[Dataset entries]
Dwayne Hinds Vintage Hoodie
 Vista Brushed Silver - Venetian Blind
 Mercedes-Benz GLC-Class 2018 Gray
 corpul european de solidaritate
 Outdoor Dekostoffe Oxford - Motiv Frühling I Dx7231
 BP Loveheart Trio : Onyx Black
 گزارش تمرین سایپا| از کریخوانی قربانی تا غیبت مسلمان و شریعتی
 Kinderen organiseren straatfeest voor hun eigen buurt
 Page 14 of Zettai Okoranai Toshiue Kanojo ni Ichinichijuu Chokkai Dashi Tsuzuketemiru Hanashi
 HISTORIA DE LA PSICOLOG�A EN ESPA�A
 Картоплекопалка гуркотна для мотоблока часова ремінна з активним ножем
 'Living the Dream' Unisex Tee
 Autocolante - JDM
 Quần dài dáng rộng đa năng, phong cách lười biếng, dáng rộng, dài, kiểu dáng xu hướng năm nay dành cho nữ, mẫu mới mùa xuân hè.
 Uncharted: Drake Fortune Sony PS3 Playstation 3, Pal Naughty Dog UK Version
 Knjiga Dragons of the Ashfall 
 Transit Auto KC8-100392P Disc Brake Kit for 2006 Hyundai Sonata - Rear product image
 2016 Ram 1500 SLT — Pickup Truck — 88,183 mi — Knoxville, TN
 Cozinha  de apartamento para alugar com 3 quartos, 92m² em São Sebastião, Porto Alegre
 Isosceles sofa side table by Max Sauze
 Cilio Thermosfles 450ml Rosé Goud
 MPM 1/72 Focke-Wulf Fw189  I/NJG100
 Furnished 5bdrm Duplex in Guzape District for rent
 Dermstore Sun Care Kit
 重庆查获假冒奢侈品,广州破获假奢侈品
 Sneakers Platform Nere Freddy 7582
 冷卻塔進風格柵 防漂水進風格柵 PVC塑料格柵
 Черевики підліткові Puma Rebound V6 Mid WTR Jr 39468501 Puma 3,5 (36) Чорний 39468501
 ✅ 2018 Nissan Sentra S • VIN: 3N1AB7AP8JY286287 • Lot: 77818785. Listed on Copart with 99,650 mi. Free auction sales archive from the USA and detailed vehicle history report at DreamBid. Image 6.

■ Task description
Your answer must be an exact copy of every record.

■ Reply
Dwayne Hinds Vintage Hoodie
 Vista Brushed Silver - Venetian Blind
 Mercedes-Benz GLC-Class 2018 Gray
 corpul european de solidaritate
 Outdoor Dekostoffe Oxford - Motiv Frühling I Dx7231
 BP Loveheart Trio : Onyx Black
 گزارش تمرین سایپا| از کریخوانی قربانی تا غیبت مسلمان و شریعتی
 Kinderen organiseren straatfeest voor hun eigen buurt
 Page 14 of Zettai Okoranai Toshiue Kanojo ni Ichinichijuu Chokkai Dashi Tsuzuketemiru Hanashi
 HISTORIA DE LA PSICOLOG�A EN ESPA�A
 Картоплекопалка гуркотна для мотоблока часова ремінна з активним ножем
 'Living the Dream' Unisex Tee
 Autocolante - JDM
 Quần dài dáng rộng đa năng, phong cách lười biếng, dáng rộng, dài, kiểu dáng xu hướng năm nay dành cho nữ, mẫu mới mùa xuân hè.
 Uncharted: Drake Fortune Sony PS3 Playstation 3, Pal Naughty Dog UK Version
 Knjiga Dragons of the Ashfall 
 Transit Auto KC8-100392P Disc Brake Kit for 2006 Hyundai Sonata - Rear product image
 2016 Ram 1500 SLT — Pickup Truck — 88,183 mi — Knoxville, TN
 Cozinha  de apartamento para alugar com 3 quartos, 92m² em São Sebastião, Porto Alegre
 Isosceles sofa side table by Max Sauze
 Cilio Thermosfles 450ml Rosé Goud
 MPM 1/72 Focke-Wulf Fw189  I/NJG100
 Furnished 5bdrm Duplex in Guzape District for rent
 Dermstore Sun Care Kit
 重庆查获假冒奢侈品,广州破获假奢侈品
 Sneakers Platform Nere Freddy 7582
 冷卻塔進風格柵 防漂水進風格柵 PVC塑料格柵
 Черевики підліткові Puma Rebound V6 Mid WTR Jr 39468501 Puma 3,5 (36) Чорний 39468501
 ✅ 2018 Nissan Sentra S • VIN: 3N1AB7AP8JY286287 • Lot: 77818785. Listed on Copart with 99,650 mi. Free auction sales archive from the USA and detailed vehicle history report at DreamBid. Image 6.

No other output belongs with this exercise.